▸ Prompt
Provide again, from the entries below, every line from the one containing "Premium bedding, in-room" through the one containing "Систему оплаты налога", exactly as written, and no other line.

▸ Exercise inputs

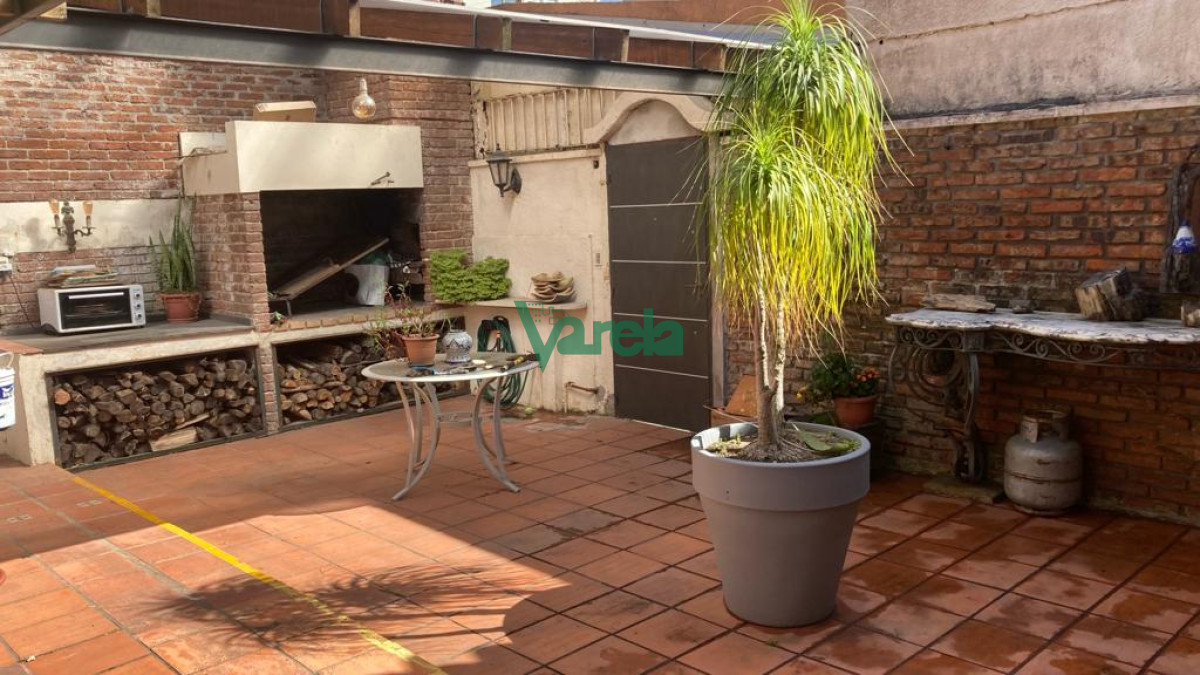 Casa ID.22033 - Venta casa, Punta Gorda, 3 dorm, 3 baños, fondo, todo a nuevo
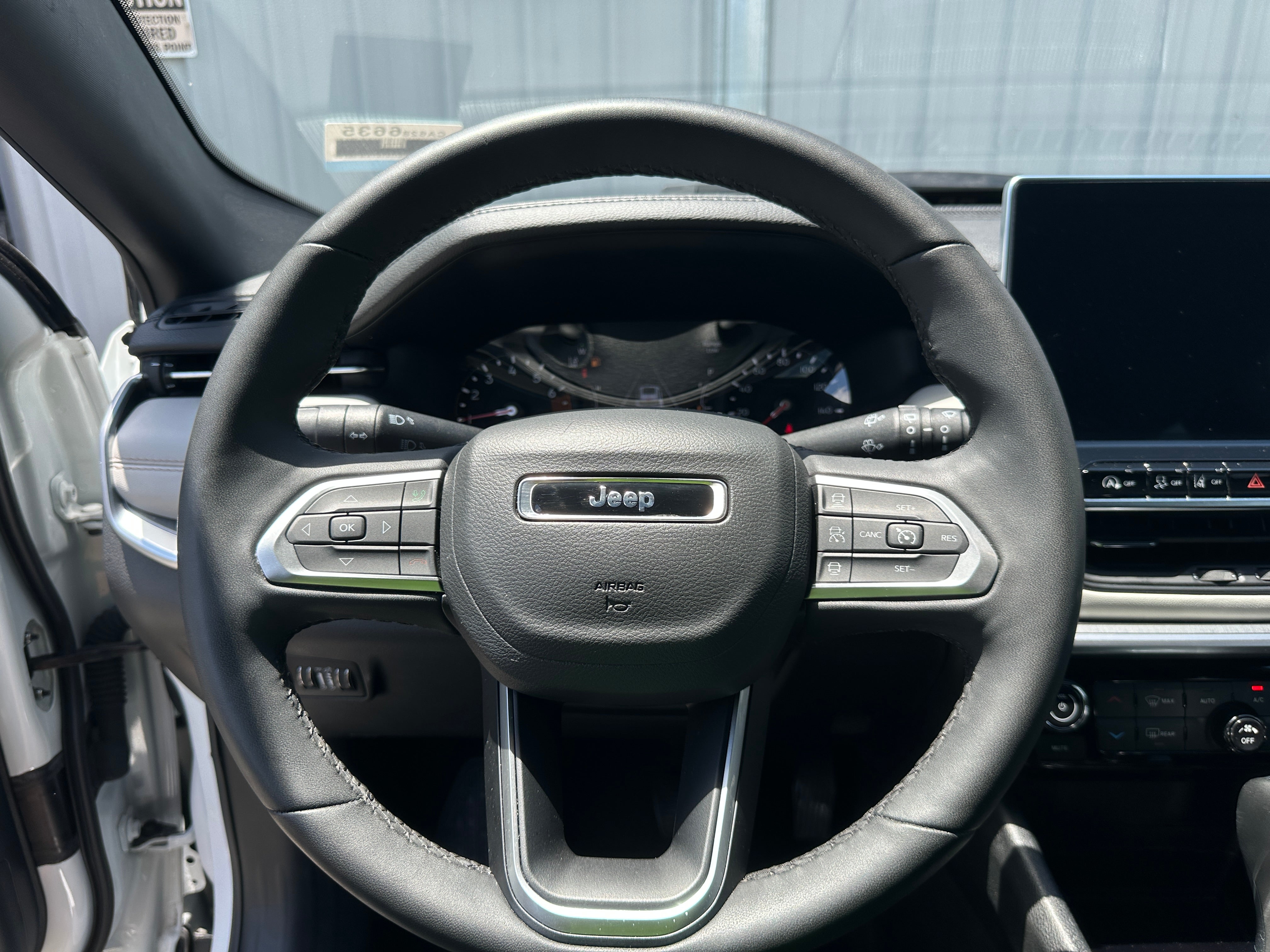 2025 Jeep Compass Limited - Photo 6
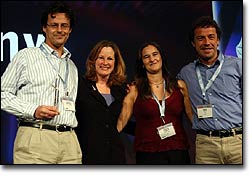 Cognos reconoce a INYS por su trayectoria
--
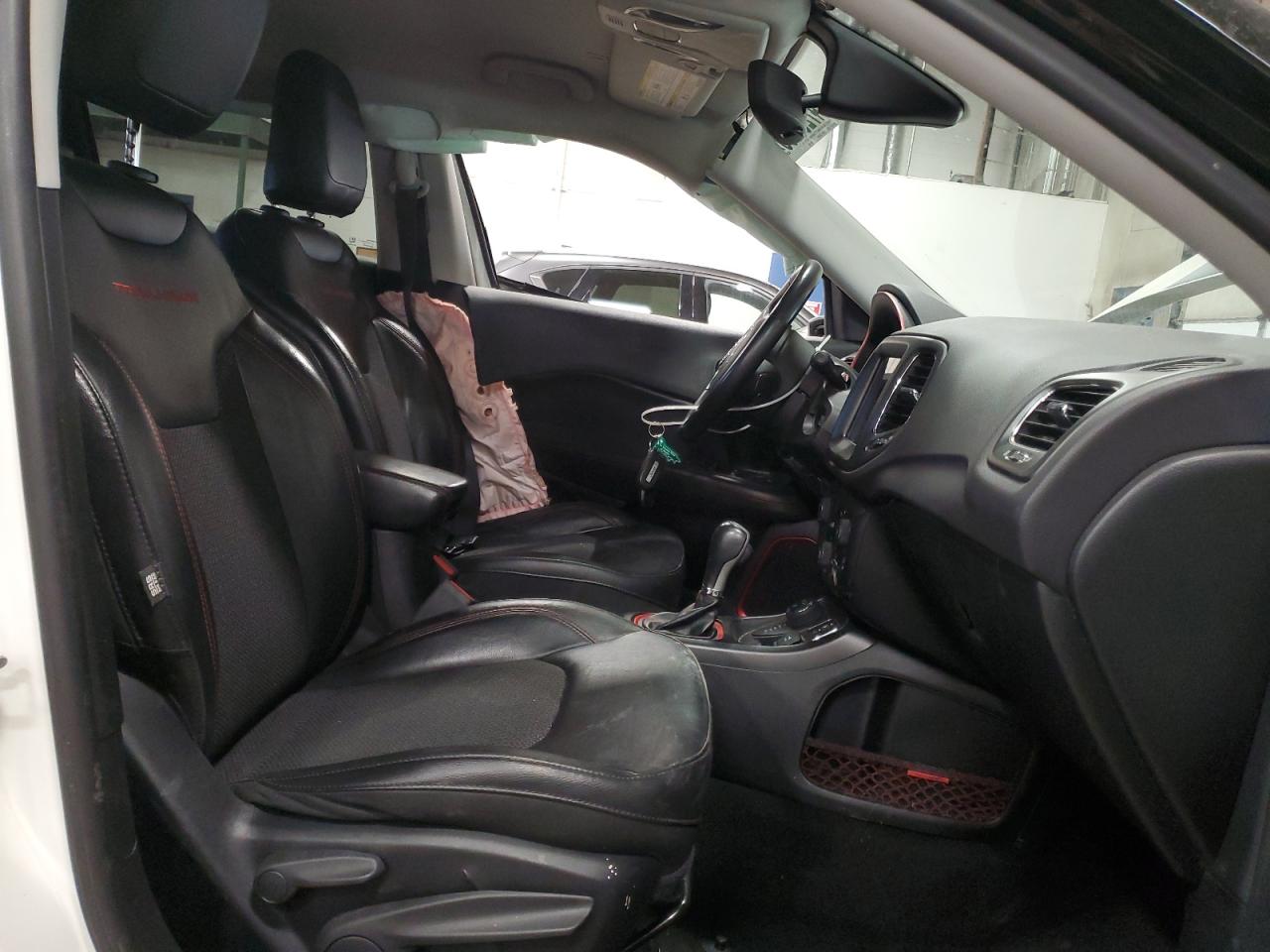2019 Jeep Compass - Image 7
...
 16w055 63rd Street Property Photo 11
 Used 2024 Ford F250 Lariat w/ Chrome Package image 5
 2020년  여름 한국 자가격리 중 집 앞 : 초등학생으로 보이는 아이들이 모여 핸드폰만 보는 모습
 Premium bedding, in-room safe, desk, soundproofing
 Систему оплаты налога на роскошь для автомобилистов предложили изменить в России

▸ Task solution
 Premium bedding, in-room safe, desk, soundproofing
 Систему оплаты налога на роскошь для автомобилистов предложили изменить в России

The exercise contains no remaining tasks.